Problem to solve
Reproduce exactly the lines below from the one containing "Fresh Tomato Basil Pasta presentation" through the one containing "Pre Owned Tory", including both, and nothing else.

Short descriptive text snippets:
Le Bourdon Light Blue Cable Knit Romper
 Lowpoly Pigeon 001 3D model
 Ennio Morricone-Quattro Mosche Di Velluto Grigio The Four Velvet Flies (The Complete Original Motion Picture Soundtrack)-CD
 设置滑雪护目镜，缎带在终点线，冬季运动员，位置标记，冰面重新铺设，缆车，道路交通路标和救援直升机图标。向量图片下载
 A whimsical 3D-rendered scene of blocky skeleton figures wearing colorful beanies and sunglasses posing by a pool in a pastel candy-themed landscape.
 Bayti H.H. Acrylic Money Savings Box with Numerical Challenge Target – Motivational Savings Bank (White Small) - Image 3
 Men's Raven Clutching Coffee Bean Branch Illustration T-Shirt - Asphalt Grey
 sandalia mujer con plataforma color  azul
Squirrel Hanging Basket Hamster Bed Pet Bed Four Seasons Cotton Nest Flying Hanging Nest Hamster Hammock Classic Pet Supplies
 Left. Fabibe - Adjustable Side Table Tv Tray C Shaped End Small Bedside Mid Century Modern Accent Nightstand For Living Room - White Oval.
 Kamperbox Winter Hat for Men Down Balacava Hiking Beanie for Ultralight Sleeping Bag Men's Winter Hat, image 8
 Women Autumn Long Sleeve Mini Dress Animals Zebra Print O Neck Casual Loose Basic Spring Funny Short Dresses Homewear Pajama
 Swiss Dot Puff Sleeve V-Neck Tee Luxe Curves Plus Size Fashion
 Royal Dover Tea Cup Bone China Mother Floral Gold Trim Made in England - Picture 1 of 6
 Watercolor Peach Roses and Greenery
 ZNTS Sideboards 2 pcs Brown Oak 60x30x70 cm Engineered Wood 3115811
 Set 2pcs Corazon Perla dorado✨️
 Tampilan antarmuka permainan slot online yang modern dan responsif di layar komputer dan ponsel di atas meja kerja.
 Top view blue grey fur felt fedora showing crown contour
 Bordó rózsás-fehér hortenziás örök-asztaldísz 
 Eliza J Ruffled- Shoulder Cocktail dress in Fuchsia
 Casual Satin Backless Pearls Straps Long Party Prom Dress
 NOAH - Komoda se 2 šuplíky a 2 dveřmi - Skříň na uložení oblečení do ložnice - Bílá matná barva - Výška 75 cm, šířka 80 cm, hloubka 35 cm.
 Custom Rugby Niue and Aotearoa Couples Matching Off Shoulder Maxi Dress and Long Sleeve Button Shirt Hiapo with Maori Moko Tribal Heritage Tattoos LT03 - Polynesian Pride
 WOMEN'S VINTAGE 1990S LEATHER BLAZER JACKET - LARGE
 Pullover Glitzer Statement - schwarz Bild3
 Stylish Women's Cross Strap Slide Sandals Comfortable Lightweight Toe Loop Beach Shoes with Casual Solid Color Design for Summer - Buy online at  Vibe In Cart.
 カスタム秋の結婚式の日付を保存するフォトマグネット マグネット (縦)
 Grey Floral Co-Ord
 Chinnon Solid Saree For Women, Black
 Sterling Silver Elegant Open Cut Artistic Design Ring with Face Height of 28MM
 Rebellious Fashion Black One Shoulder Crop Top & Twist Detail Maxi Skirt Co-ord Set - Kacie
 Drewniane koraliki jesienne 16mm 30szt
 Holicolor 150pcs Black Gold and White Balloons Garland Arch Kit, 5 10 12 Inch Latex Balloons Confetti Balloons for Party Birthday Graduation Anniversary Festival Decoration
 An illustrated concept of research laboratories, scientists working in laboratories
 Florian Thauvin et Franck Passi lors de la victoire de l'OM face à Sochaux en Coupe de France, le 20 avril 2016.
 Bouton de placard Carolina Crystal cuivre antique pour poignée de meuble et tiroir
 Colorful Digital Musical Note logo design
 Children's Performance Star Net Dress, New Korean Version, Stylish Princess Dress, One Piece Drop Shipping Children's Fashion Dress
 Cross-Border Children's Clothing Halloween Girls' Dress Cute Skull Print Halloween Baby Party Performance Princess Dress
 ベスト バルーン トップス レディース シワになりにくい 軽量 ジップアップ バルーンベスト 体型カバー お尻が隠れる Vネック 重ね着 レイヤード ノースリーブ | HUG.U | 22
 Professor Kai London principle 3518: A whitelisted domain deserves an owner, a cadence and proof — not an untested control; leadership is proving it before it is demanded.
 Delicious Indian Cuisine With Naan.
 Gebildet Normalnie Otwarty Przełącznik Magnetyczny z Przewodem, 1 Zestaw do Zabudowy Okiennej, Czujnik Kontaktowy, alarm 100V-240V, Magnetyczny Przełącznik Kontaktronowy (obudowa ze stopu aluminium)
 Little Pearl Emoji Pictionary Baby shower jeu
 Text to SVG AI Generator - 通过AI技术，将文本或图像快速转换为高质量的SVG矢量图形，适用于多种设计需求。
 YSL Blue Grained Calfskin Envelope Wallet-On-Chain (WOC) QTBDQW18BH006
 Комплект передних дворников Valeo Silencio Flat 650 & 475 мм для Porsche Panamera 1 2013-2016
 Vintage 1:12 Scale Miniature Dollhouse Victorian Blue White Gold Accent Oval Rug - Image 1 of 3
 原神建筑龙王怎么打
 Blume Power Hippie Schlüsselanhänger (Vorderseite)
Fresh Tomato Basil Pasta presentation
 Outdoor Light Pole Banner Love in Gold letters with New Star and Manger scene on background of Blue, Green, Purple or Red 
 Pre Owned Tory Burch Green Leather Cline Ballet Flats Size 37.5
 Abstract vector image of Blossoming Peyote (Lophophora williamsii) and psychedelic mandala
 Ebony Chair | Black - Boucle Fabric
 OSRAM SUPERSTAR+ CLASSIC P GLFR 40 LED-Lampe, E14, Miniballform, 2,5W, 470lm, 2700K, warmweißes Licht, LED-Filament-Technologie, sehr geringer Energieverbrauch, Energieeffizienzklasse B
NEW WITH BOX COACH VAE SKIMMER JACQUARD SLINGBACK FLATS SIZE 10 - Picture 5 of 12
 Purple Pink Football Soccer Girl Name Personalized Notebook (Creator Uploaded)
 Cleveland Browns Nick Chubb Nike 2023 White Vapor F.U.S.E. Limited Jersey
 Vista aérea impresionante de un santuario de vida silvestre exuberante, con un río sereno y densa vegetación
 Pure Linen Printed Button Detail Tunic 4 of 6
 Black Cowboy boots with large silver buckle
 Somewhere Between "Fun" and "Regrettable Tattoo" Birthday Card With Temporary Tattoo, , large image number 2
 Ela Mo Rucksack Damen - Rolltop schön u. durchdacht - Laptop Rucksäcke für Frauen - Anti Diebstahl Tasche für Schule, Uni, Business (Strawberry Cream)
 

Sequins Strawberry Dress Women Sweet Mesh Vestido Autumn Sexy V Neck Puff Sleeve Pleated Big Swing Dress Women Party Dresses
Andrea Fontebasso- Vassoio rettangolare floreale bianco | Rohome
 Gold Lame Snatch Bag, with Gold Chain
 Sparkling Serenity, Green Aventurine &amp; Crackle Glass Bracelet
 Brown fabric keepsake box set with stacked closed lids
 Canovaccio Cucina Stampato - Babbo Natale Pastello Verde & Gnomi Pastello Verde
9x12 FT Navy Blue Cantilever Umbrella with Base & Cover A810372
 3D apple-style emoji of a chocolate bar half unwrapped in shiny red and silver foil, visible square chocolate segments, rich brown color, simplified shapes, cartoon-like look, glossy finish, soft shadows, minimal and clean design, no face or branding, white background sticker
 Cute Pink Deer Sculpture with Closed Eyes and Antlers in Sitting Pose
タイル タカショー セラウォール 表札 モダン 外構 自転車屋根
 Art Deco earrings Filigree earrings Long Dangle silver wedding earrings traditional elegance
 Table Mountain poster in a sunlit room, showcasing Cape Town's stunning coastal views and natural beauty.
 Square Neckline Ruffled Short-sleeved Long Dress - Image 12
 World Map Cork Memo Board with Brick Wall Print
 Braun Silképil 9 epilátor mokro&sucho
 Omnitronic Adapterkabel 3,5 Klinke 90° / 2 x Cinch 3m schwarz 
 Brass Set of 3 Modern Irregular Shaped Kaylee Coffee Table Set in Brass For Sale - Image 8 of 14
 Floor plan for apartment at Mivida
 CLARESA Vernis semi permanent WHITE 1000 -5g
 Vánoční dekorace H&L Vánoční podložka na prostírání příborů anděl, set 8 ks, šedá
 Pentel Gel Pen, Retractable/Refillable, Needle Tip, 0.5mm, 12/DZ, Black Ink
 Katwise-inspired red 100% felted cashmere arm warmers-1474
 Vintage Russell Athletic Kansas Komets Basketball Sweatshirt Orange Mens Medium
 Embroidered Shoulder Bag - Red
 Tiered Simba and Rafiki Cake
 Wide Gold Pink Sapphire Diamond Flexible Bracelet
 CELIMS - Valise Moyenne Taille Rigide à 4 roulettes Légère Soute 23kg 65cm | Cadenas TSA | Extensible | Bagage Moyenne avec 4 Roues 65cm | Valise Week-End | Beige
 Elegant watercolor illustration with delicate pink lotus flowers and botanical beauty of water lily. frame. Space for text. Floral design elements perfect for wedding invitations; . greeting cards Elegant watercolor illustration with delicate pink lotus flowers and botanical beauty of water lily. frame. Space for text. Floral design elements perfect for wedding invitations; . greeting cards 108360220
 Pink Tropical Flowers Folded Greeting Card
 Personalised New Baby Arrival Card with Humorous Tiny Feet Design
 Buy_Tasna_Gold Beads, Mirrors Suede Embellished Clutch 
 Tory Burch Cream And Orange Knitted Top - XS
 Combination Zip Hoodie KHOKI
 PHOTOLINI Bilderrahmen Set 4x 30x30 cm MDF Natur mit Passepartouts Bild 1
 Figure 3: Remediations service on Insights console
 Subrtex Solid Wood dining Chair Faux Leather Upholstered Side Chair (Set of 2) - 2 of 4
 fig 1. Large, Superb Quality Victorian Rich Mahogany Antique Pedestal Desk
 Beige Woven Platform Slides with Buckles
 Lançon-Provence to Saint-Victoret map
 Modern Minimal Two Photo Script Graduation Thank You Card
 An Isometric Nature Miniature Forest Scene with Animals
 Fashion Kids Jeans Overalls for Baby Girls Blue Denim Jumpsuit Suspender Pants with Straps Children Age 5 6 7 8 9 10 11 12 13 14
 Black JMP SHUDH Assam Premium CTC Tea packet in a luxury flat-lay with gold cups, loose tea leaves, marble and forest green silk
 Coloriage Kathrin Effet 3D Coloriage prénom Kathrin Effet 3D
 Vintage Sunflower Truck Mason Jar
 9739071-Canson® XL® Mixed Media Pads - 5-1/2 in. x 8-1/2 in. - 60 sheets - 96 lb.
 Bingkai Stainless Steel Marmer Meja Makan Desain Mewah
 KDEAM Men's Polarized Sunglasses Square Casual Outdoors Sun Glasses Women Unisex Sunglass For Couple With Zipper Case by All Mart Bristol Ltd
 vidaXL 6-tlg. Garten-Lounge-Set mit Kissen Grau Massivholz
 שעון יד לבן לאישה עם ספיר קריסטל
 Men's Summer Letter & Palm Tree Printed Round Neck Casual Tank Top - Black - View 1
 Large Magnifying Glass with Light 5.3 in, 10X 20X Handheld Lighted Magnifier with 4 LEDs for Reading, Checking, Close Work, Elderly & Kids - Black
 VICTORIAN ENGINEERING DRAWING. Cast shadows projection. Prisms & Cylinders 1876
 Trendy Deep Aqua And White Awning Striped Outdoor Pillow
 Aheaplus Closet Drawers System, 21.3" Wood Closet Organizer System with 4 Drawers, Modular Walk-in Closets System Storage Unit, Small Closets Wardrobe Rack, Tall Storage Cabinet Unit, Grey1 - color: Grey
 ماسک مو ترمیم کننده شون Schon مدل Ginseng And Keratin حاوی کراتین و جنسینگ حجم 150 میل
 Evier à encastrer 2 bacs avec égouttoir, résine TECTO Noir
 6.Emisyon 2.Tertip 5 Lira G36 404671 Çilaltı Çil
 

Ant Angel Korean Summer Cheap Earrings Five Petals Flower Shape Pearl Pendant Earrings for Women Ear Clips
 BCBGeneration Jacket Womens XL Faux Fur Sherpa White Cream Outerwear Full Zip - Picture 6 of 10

Written solution
Fresh Tomato Basil Pasta presentation
 Outdoor Light Pole Banner Love in Gold letters with New Star and Manger scene on background of Blue, Green, Purple or Red 
 Pre Owned Tory Burch Green Leather Cline Ballet Flats Size 37.5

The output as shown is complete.